Surge in RSV cases fill up beds at Chicago children's hospitals
Surge in RSV cases fill up beds at Chicago children's hospitals 03:09

CHICAGO (CBS) – Several area hospitals are struggling to keep up with the number of children hospitalized with respiratory and other viruses.

CBS 2's Jackie Kostek went to Comer Children's Hospital where pediatric beds have been full for 47 days. Hospital leaders said this respiratory virus season hit earlier, is stronger and involves multiple illnesses.

"He woke up in the middle of the night kind sort of gasping for air," said Tristan Lopez, a local mother of twin boys born prematurely.

She knows the danger of RSV and other respiratory viruses. CBS 2 spoke to the family earlier this month.

"Diego has had pneumonia three times," Lopez said. "Alex has actually been admitted into the hospital more than six times due to complications from probably RSV and other respiratory viruses."

As cases continue to surge in Chicago and across the country, hospitals are feeling the strain. Leaders at Comer Children's Hospital sent a memo to the entire University of Chicago Medial Center system on Thursday laying out the unprecedented situation: the number of children needing care is outpacing what the hospital experienced during the COVID-19 pandemic and any previous respiratory season.

Compared to this time last year, pediatric emergency department volume is up 150% and has spiked 32% since just last month.

Dr. Allison Bartlett is the Pediatric Quality Chief and Comer. She said the issue goes beyond capacity.

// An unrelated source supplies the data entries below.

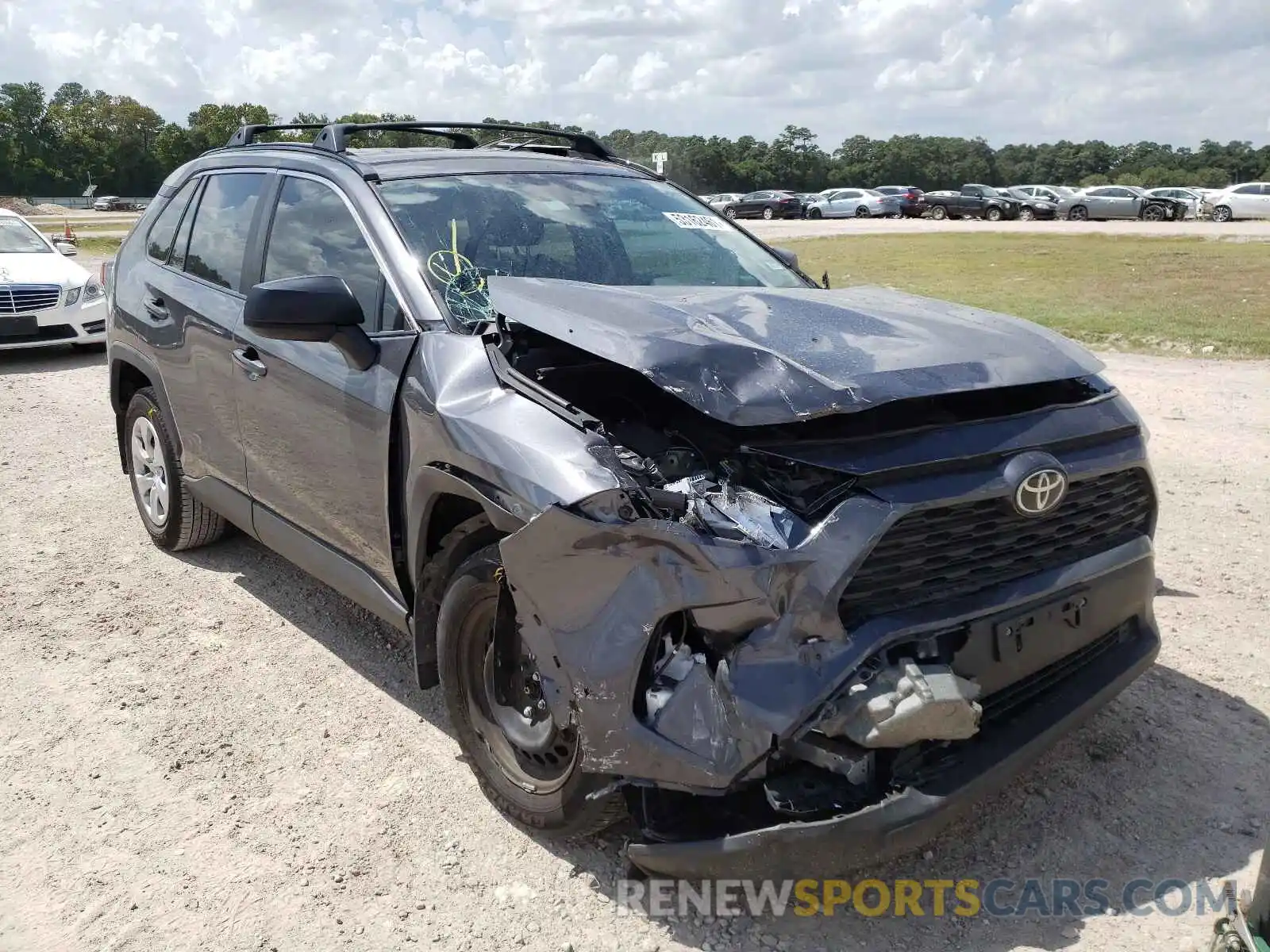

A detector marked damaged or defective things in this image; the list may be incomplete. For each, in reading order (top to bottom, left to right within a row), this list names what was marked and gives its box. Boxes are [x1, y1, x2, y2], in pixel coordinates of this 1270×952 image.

crumpled hood [0, 250, 90, 286]
crumpled hood [485, 275, 1102, 424]
damaged gray suv [106, 123, 1163, 883]
damaged front fender [495, 487, 894, 792]
crushed front end [479, 282, 1158, 878]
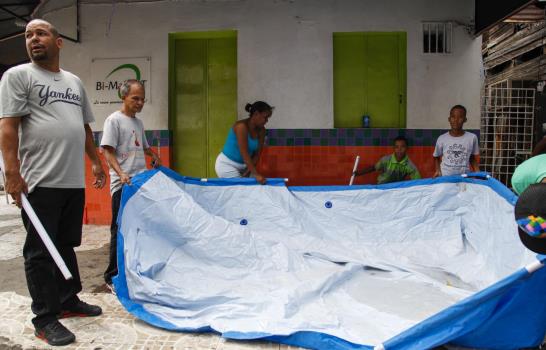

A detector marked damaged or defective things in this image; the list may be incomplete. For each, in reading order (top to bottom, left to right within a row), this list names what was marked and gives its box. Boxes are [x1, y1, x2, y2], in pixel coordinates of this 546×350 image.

cracked concrete ground [0, 191, 300, 350]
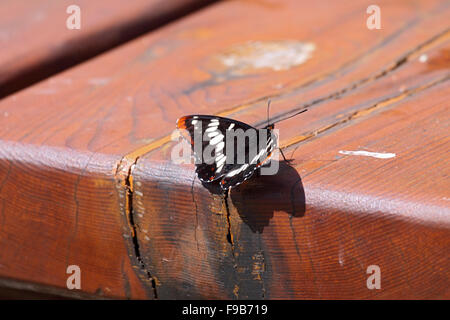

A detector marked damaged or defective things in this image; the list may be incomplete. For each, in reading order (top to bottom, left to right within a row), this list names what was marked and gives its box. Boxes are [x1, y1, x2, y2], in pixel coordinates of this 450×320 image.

peeling paint chip [217, 40, 312, 73]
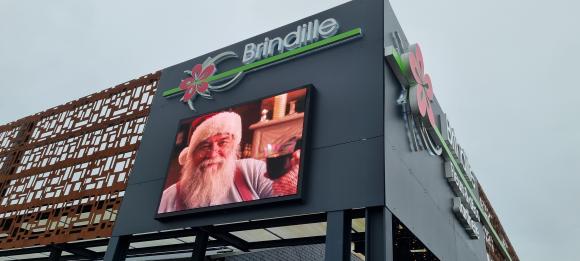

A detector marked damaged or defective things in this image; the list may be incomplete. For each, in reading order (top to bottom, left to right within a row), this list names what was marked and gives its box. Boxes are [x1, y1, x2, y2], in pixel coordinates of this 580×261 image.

rusty perforated metal panel [0, 71, 160, 248]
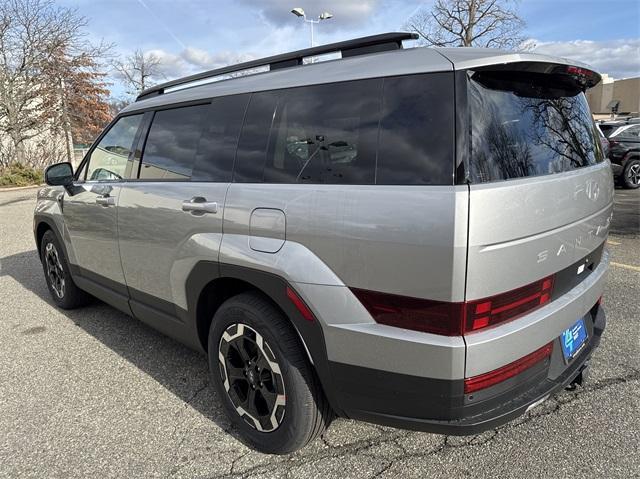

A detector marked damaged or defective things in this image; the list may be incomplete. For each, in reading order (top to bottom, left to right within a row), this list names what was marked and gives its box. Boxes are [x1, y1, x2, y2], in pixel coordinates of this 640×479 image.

cracked pavement [0, 187, 636, 476]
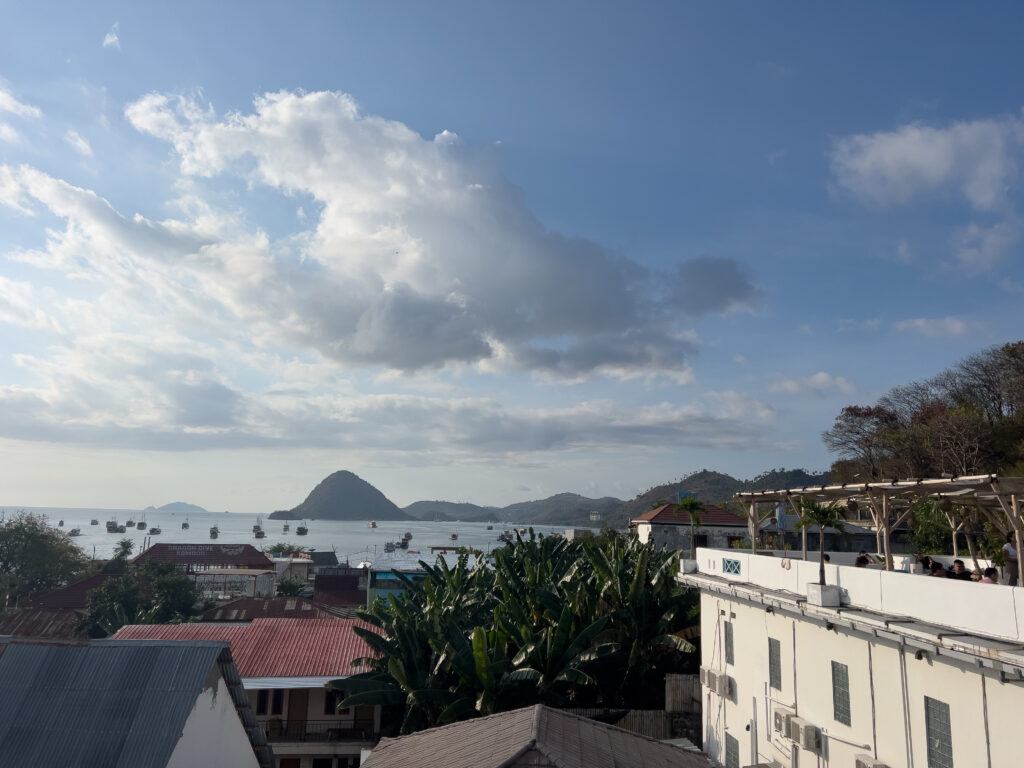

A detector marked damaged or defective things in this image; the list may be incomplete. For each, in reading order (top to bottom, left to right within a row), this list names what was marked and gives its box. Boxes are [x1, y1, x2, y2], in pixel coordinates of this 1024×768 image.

rusty roof [626, 505, 741, 528]
rusty roof [133, 540, 276, 573]
rusty roof [113, 618, 376, 679]
rusty roof [358, 708, 704, 765]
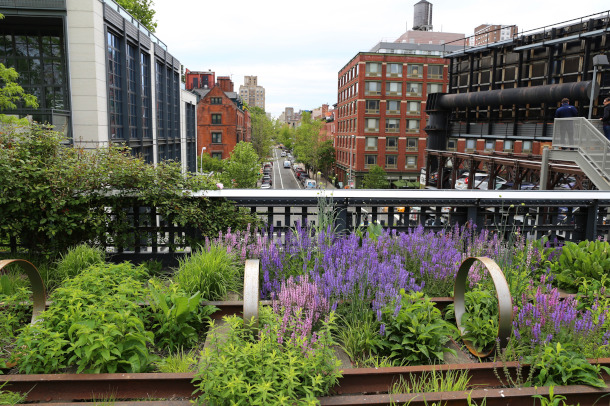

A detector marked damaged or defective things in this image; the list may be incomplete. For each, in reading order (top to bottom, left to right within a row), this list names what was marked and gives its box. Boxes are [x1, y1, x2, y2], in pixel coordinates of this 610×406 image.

curved rusted metal [0, 260, 46, 324]
curved rusted metal [454, 258, 510, 356]
rusted steel beam [318, 384, 608, 406]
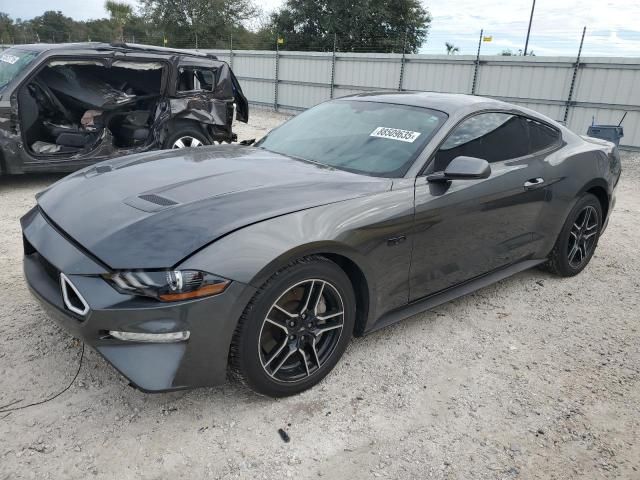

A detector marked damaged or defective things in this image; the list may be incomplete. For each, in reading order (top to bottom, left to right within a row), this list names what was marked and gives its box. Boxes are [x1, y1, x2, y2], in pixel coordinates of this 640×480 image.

exposed car interior [19, 58, 166, 155]
wrecked suv [0, 42, 249, 174]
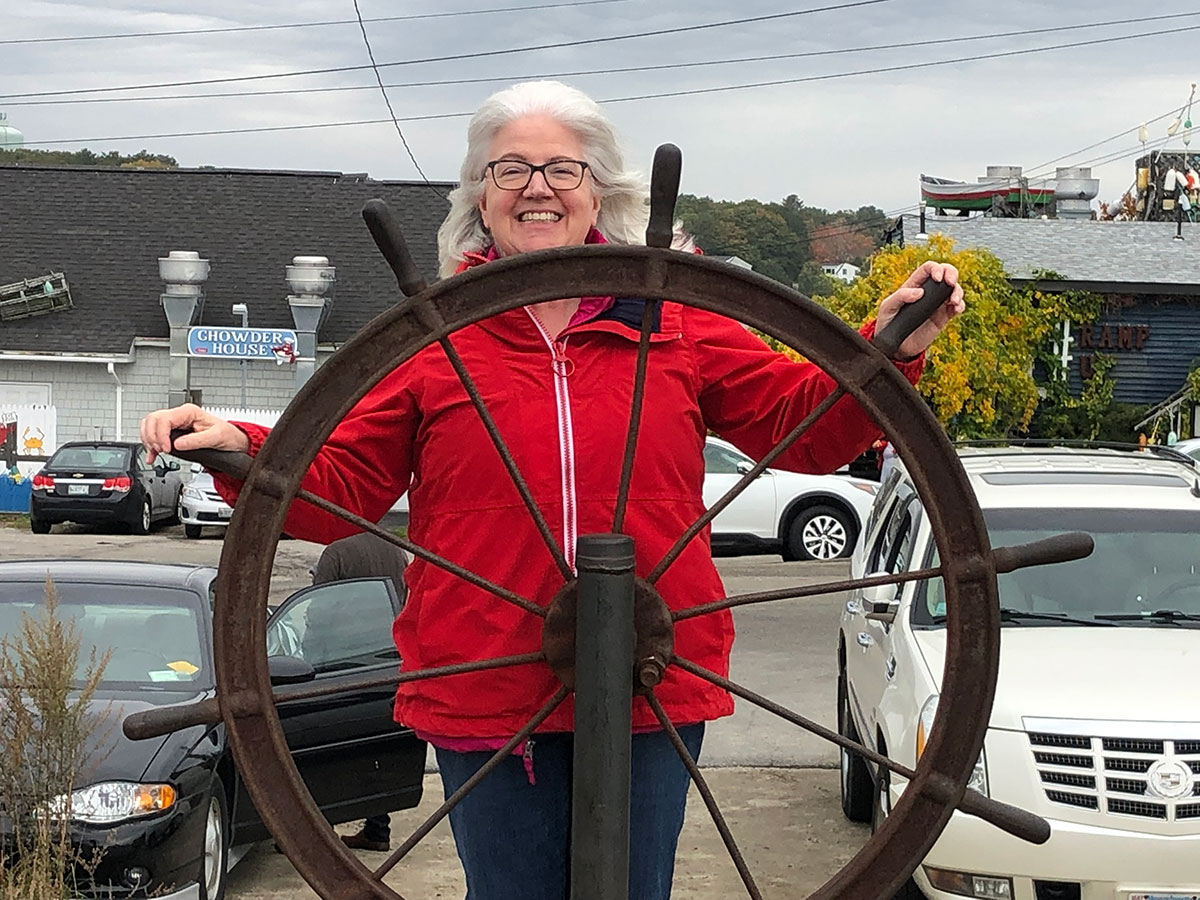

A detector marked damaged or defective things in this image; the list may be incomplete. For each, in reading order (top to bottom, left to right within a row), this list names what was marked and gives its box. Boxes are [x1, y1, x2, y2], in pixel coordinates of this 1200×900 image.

rusty metal wheel [126, 144, 1094, 897]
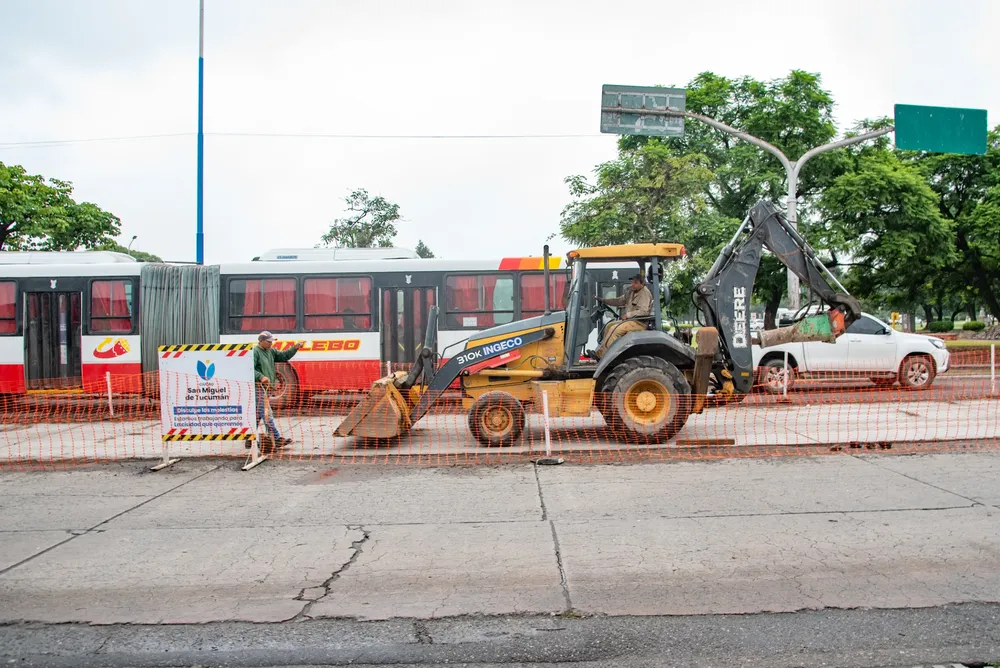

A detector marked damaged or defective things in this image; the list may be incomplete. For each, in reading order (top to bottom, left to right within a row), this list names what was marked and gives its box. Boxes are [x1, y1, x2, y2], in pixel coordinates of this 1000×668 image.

cracked concrete [0, 452, 996, 624]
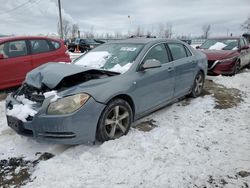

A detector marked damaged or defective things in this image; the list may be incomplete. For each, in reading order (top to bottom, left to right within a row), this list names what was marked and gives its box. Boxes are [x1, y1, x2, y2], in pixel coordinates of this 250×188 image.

crumpled front end [5, 84, 105, 145]
front bumper damage [5, 93, 105, 145]
dented hood [24, 62, 93, 89]
broken headlight [47, 93, 90, 114]
damaged gray sedan [4, 37, 207, 144]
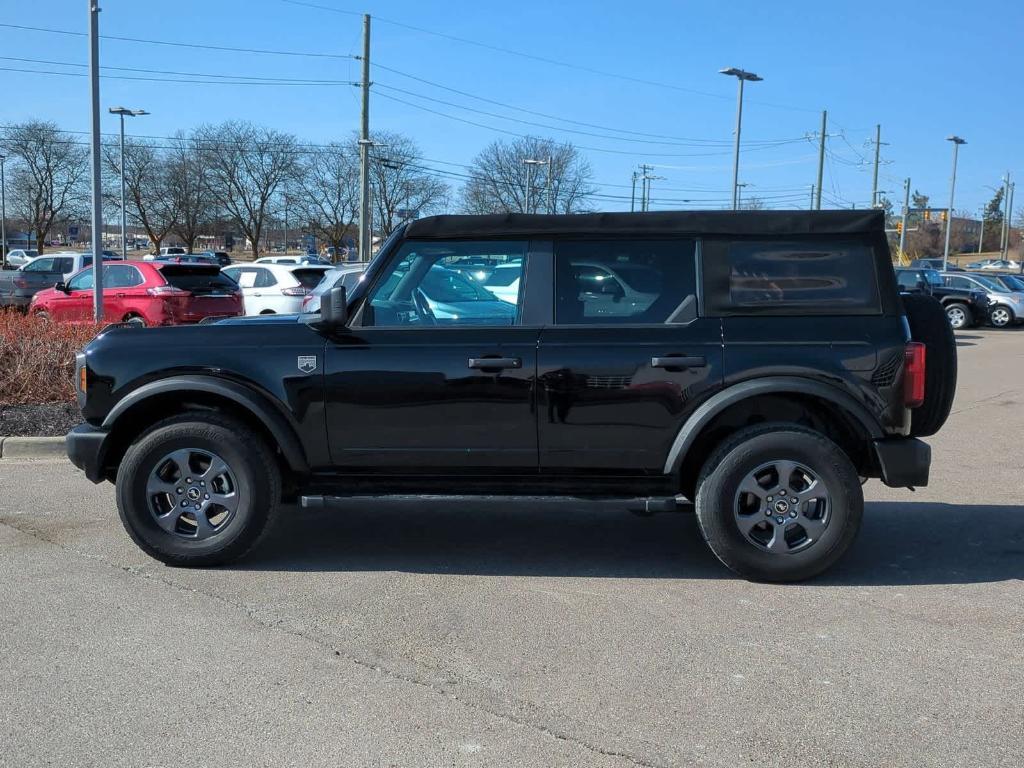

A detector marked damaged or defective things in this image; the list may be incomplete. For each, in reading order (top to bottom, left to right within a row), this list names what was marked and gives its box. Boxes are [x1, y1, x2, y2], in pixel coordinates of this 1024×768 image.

cracked pavement [2, 327, 1024, 765]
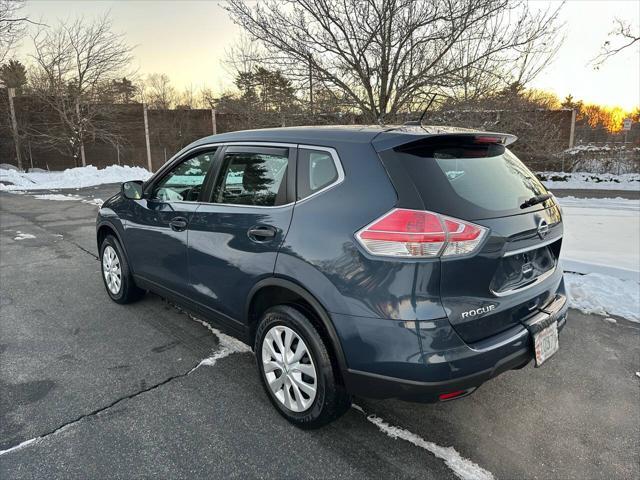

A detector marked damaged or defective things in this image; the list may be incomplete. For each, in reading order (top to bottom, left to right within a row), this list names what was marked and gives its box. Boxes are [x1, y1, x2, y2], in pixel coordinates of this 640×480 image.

cracked asphalt [1, 183, 640, 476]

 "No options are off the table, but really it's less physical bed space and more of a trained pediatric nurses, respiratory therapists and ancillary specialists to help care for all the children and that really is a staffing shortage of people who are qualified to care for this population," said Bartlett.

Bartlett said the COVID-19 pandemic served as a valuable lesson in how hospitals can flex their space and resources to accommodate patients. But on the flip side, the pandemic, and the associated isolation, may partially be to blame for the current surge in sick children. Bartlett said while RSV is incredibly common, it tends to be worse the first time kids get it.

"This may be their first RSV infection that they've had and instead of getting them universally in their first or second year of life, we have some three-year-olds who haven't had a first RSV infection," she said.

Comer is far from the only hospital in the area struggling with capacity. The city's Public Health Department said there have been days where available pediatric intensive care unit beds were in the single digits across the city.

Lurie Children's Hospital said their inpatient is full right now as well but the good news, if there is any, is that these hospitals are working together to tackle the surge and finding ways to care for the children who need care.